Con este dossier dedicado a Etiopía, Revista de Occidente ha querido ofrecer un puente de reflexión sobre este milenario país que avive el interés del lector a transitar por un camino que lleva hasta esas tierras, que antaño fueron remotas pero que hoy están relativamente cercanas, a unas pocas horas de vuelo. En este sentido, no hemos hecho nada nuevo. Ha sido un esfuerzo singular, protagonizado por personas que de un modo u otro han vivido o viven la experiencia cotidiana de una nación fascinante y compleja, expuesta a las vicisitudes de la geografía, de la religión, de la cultura y la historia. El origen de este empeño fue casual. Las conversaciones trabadas durante un viaje a Etiopía llevaron a tratar de ofrecer al lector una aproximación sensata y respetuosa con una realidad distante que será para muchos un descubrimiento. Este empeño ha sido abordado desde múltiples perspectivas: la fotografía, la vanguardia cultural, la poesía, la historia y la política. Podrían haberse abordado muchos más temas, es verdad. Etiopía ofrece un repertorio inagotable de sugerencias. Digamos que se ha hecho lo que se ha podido. Pero en cualquier caso se ha conseguido algo que hasta ahora era inédito en esta revista: brindar al lector una oportunidad para el descubrimiento de Etiopía.
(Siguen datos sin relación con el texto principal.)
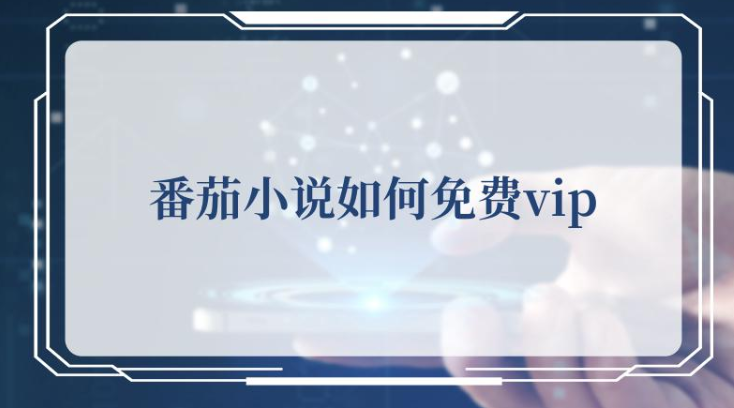 《番茄小说》2024年永久有效vip激活码免费领取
El puente ya está levantado, ahora sólo resta afrontar el reto de cruzarlo y asumir como dejó escrito Henri de Monfreid, otro de los malditos que huyeron de Europa hacia aquella geografía menos inhóspita que la que dejaron atrás: «Estoy en la proa del navío para no ver nada de él, de su odiosa modernidad...Veo solamente como la proa surca este tapiz de seda azul entre los rizos de espuma blanca, igual que lo hacían los trirremes antiguos, y esta agua profunda es tan pura que parece sagrada».